AIM OF THE TASK: Look in the data below for the line that has "Bright foyer features", then print exactly every line from there through the line that has "Gloved Hands Stripping", leaving pictures out.

═════ TASK MATERIAL

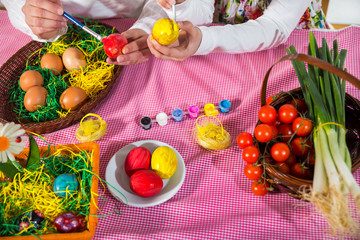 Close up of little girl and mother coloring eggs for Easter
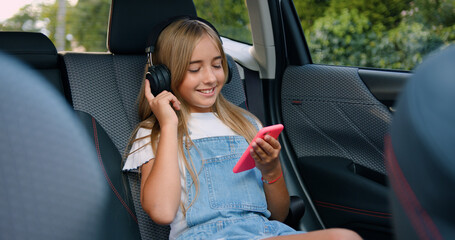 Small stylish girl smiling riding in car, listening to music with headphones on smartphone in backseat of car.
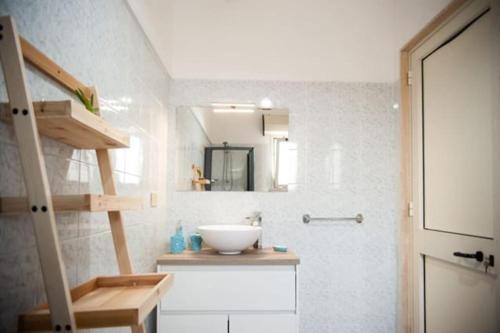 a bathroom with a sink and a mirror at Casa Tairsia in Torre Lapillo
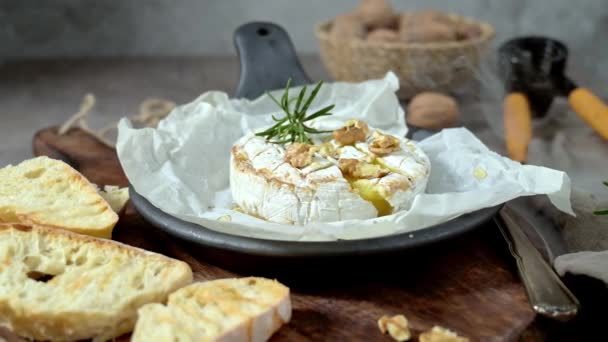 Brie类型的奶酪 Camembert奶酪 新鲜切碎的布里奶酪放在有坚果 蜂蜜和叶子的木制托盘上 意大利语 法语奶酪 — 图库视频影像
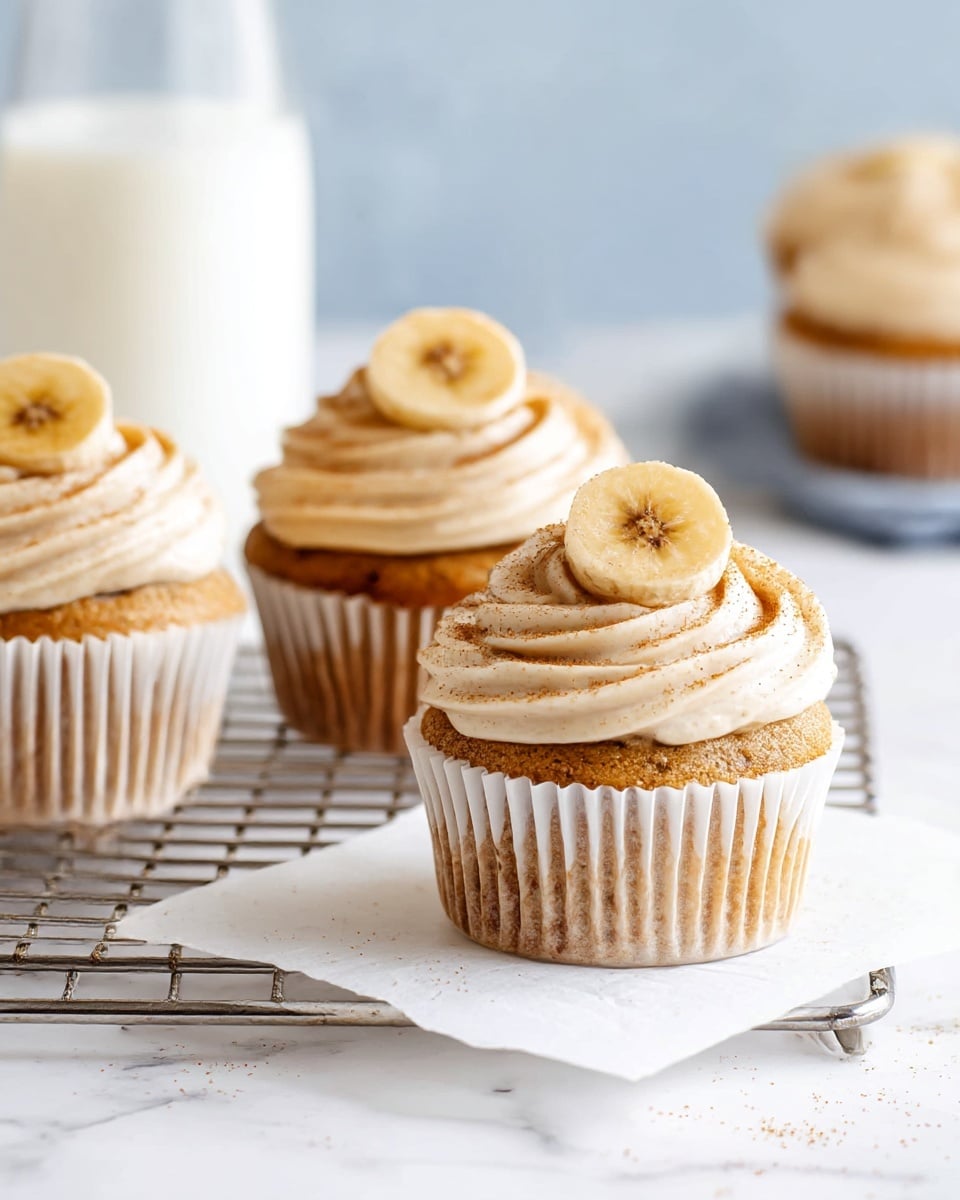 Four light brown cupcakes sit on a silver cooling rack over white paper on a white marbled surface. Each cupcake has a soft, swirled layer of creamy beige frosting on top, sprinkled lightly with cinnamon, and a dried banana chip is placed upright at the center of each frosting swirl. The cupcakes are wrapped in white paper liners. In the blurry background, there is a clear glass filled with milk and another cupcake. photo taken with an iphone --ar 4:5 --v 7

══════════
═════ TASK MATERIAL

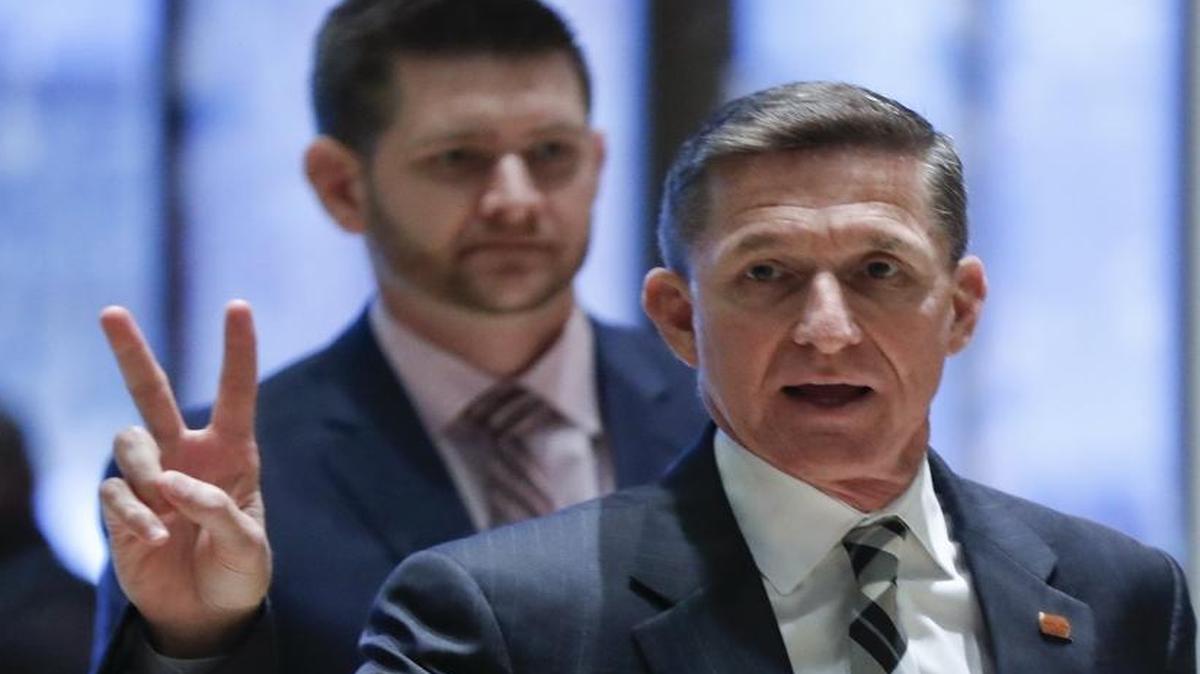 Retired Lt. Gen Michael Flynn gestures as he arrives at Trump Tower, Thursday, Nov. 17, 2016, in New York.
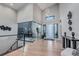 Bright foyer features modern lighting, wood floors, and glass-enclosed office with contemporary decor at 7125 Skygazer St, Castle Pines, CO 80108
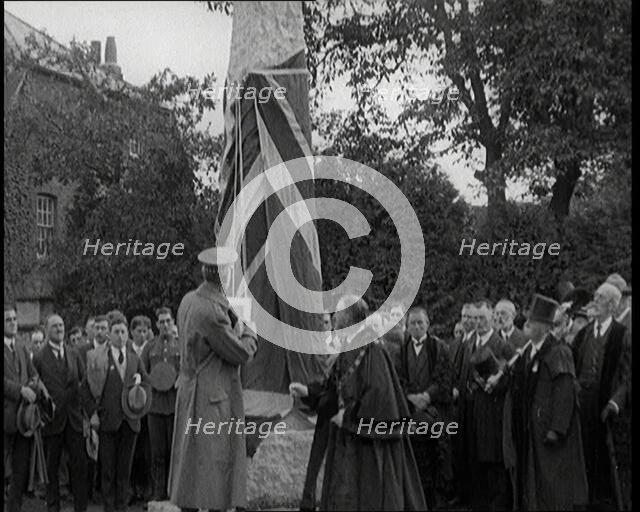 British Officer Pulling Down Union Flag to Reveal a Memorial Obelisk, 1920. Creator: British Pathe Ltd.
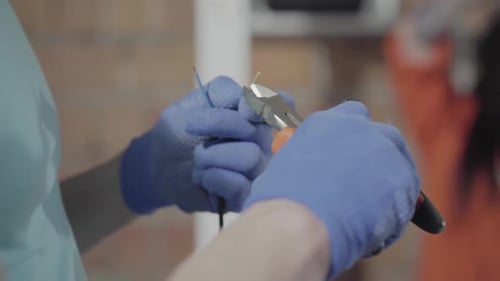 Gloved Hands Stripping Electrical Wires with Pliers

══════════

EXERCISE ANSWER:
 Bright foyer features modern lighting, wood floors, and glass-enclosed office with contemporary decor at 7125 Skygazer St, Castle Pines, CO 80108
 British Officer Pulling Down Union Flag to Reveal a Memorial Obelisk, 1920. Creator: British Pathe Ltd.
 Gloved Hands Stripping Electrical Wires with Pliers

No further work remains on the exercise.